Poi il colpo di grazia, con la bella pensata dell’Euro e la perdita della sovranità monetaria.

Chi sono allora questi personaggi che volano sopra il mondo e lo vogliono dominare? Sono “sorci” usciti da un cartone animato (e a volte a guardarli in faccia sembra proprio così) o sono discendenti degli Elohim rimasti tra noi? Non lo so. Di sicuro è palese l’urgenza di difendere le nostre comunità da simili soggetti. Con costoro non conta più la “logica” del libero mercato e tutte le belle parole sul profitto e sul benessere generale.

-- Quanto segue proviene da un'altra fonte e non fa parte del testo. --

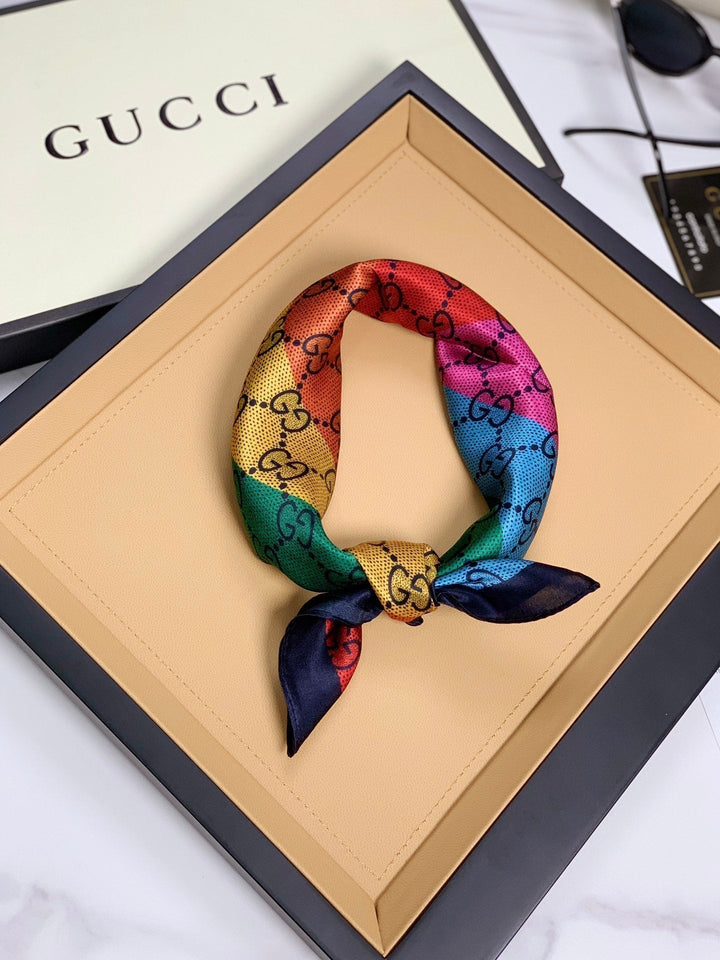 Silk scarf with colorful double G letter pattern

La collettività, la società intera, si deve attrezzare e difendere da simili personaggi considerandoli pericolosi come un qualsiasi delinquente capace di uccidere (e la morte è ciò che spessissimo provocano con le loro influenze). Noi italiani abbiamo una grande Costituzione democratica che contiene principi e limiti contro queste influenze. Proprio quella Carta che alcuni vorrebbero modificare su indicazione di forze esterne per appagare interessi economici che non ci appartengono.

Benedetti siano quindi gli hacker e i loro leaks, perché ci svelano i segreti che costoro vogliono nascondere al mondo, che rivelano la loro banale, e spesso volgare, avidità priva di alcuna utilità per la società e per la vita stessa del pianeta.